> [EXERCISE BRIEF] Word for word, copy the data that follows and skip its pictures.
Start of INFORMATION SUPPLIED
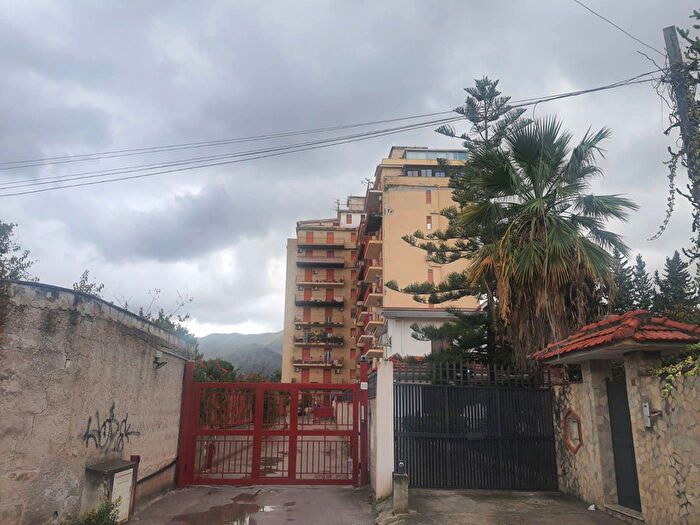 Appartamento con 6 locali in vendita in Via Saitta Longhi, Palermo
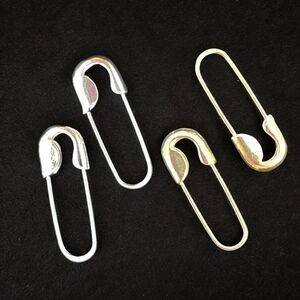 1 PR Hypoallergenic Safety Pin Earrings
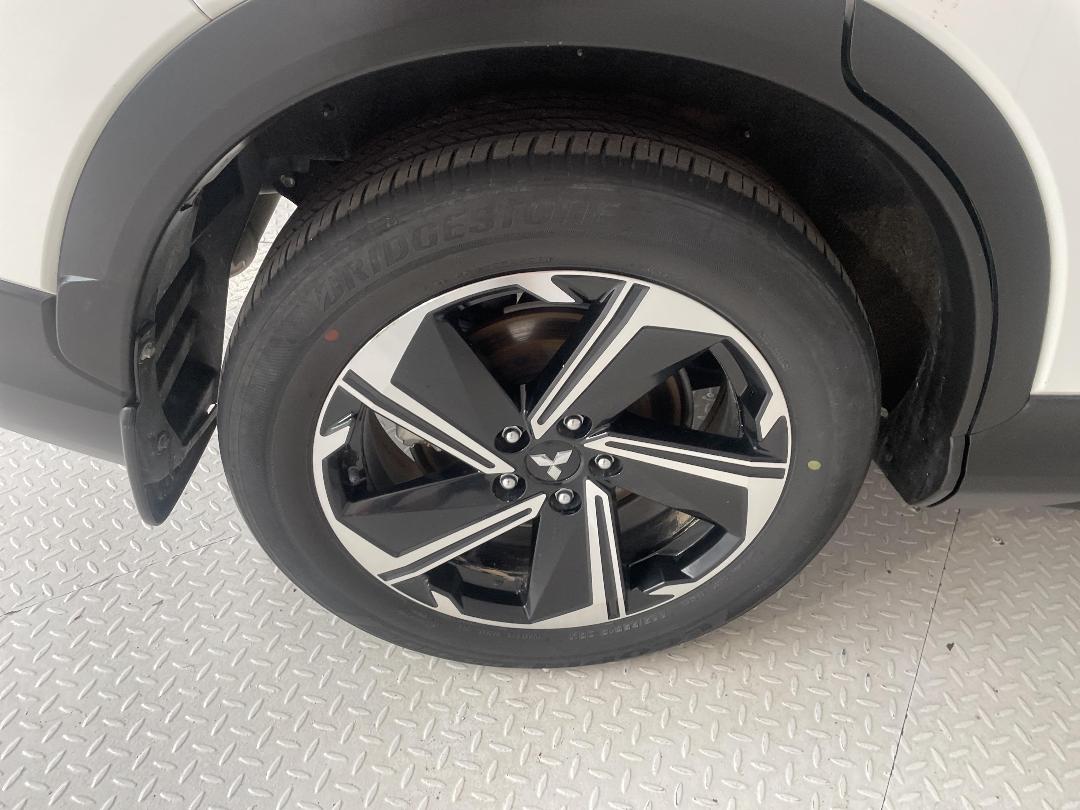 Photo '12' of Mitsubishi Eclipse Cross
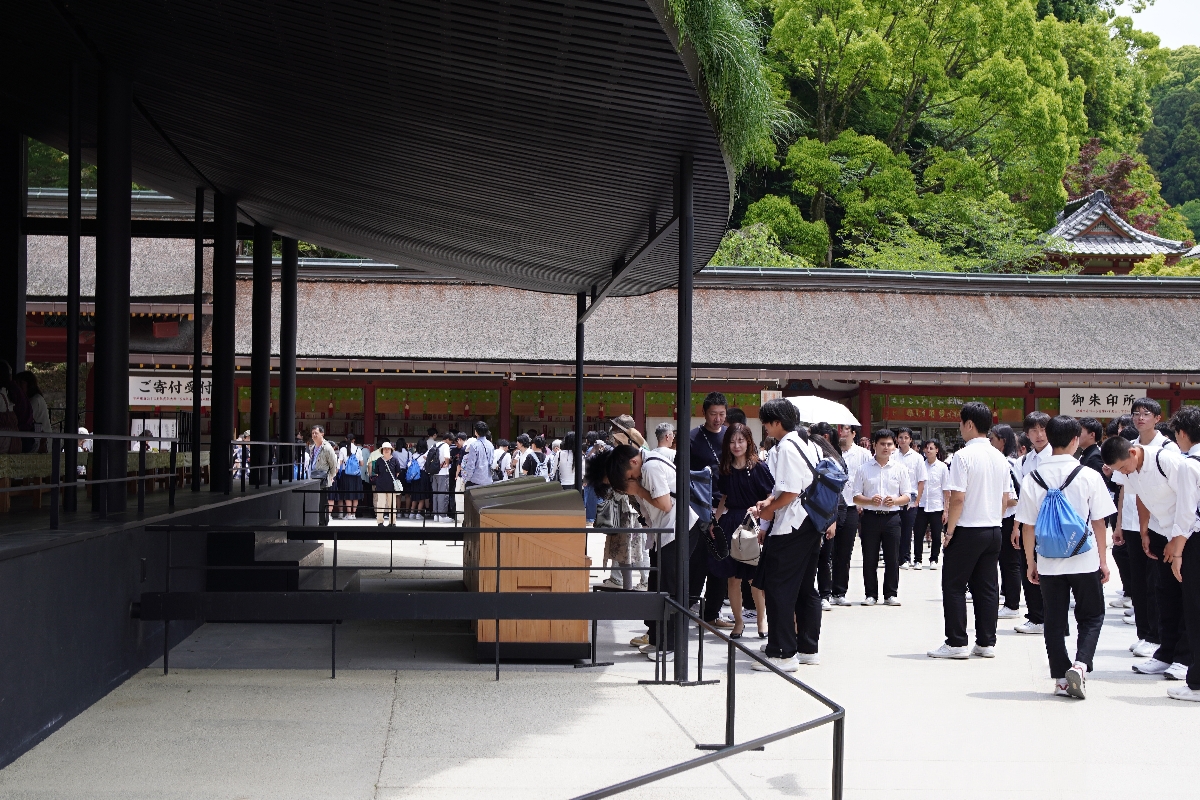 福岡學生必拜，探訪太宰府天滿宮：日本文化與傳統的絕佳體驗,鳥居與三條橋通往神聖之地的入口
End of INFORMATION SUPPLIED
> [WRITTEN SOLUTION]
 Appartamento con 6 locali in vendita in Via Saitta Longhi, Palermo
 1 PR Hypoallergenic Safety Pin Earrings
 Photo '12' of Mitsubishi Eclipse Cross
 福岡學生必拜，探訪太宰府天滿宮：日本文化與傳統的絕佳體驗,鳥居與三條橋通往神聖之地的入口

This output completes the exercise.